De leurs déplacements sur scène naissent des situations cocasses, des rencontres — entre un carton timide et une table aux jambes effilées —, des querelles, des micro drames. Tyrannisés par un «consommateur» tout puissant, démiurge intraitable, exploités jusqu’à l’épuisement, comme ce commutateur qui «pète» littéralement «les plomb » à force d’être vidé de sa substance électrique, ils vivent leur solitude et leur égarement devant nos yeux intrigués (et amusés). Chacun d’eux, prisonniers de sa fonction ou de sa différence, encaisse, impuissant, les petites catastrophes qui lui tombent dessus. Ca ne vous rappelle rien?

S’il est d’abord réjouissant d’aller à la rencontre de ces personnages parachutés dans un quotidien qui ressemble singulièrement au notre, si leurs aventures en disent long sur nos rapports avec notre environnement matériel (et naturel!), le spectacle s’essouffle vite par un manque de rythme.

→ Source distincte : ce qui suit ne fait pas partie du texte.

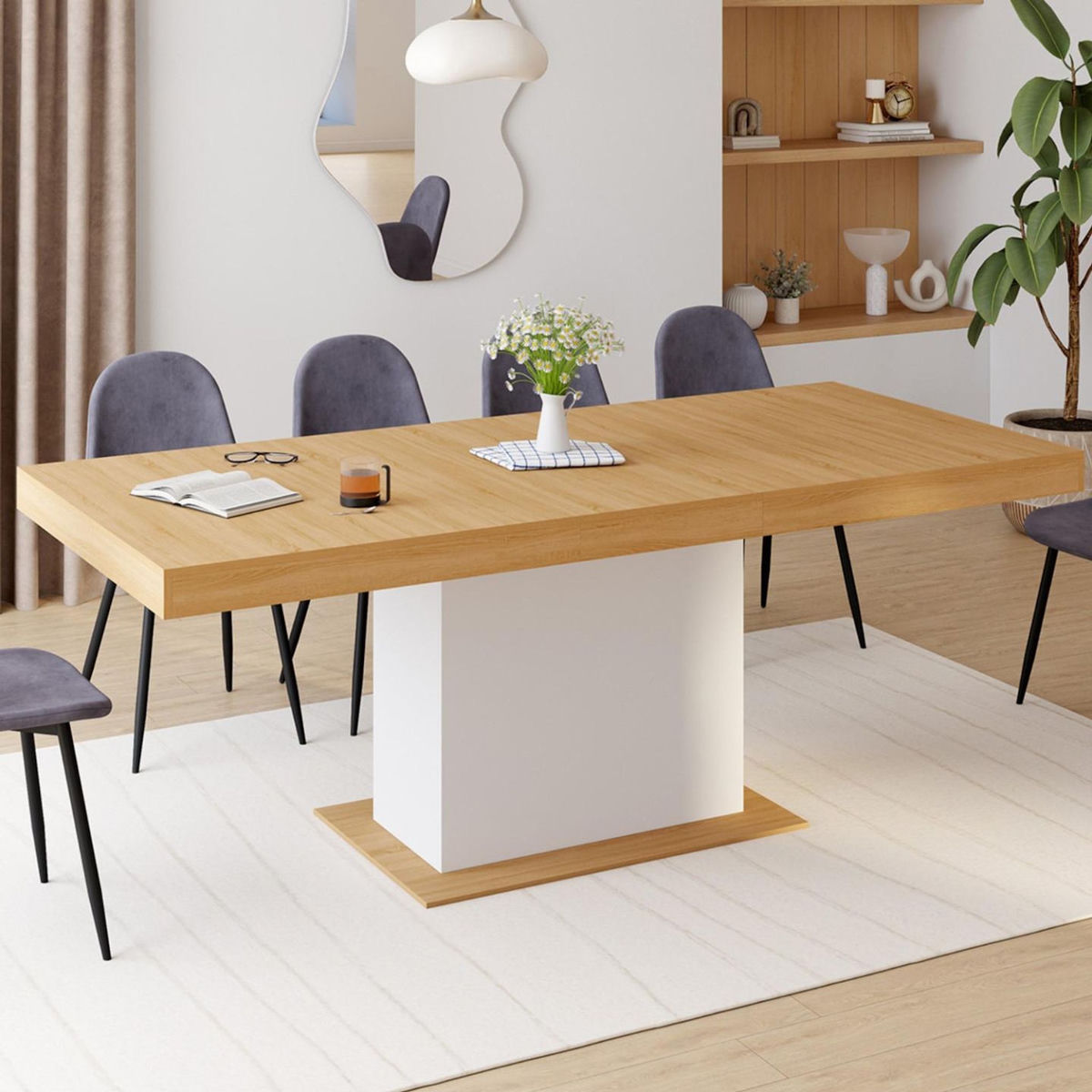 ID MARKET Table à manger extensible rectangle EDEN 6-10 personnes bois et blanc 160-200 cm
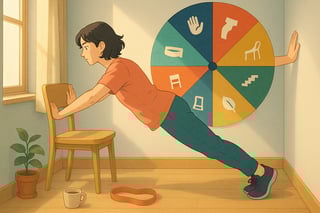 Scène de salon-bureau avec personne faisant des pompes au mur et une roue colorée en arrière-plan suggérant des micro-gestes quotidiens.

Nous ne voulons pas monter sur nos grands chevaux, et parler de la dramaturgie d’une pièce qui n’a pas l’ambition d’un théâtre, mais on peut regretter que Miet Warlop n’ait pas orchestré, minuté avec plus de précision son spectacle. Car le burlesque est avant tout la maîtrise du temps et de l’espace, et s’accorde mal avec la spontanéité de la performance. Deux «styles» semblent ici se côtoyer sans parvenir à s’accoupler. Et nous laisse sur une impression mitigée, comme une panne de moteur après un départ en trombe.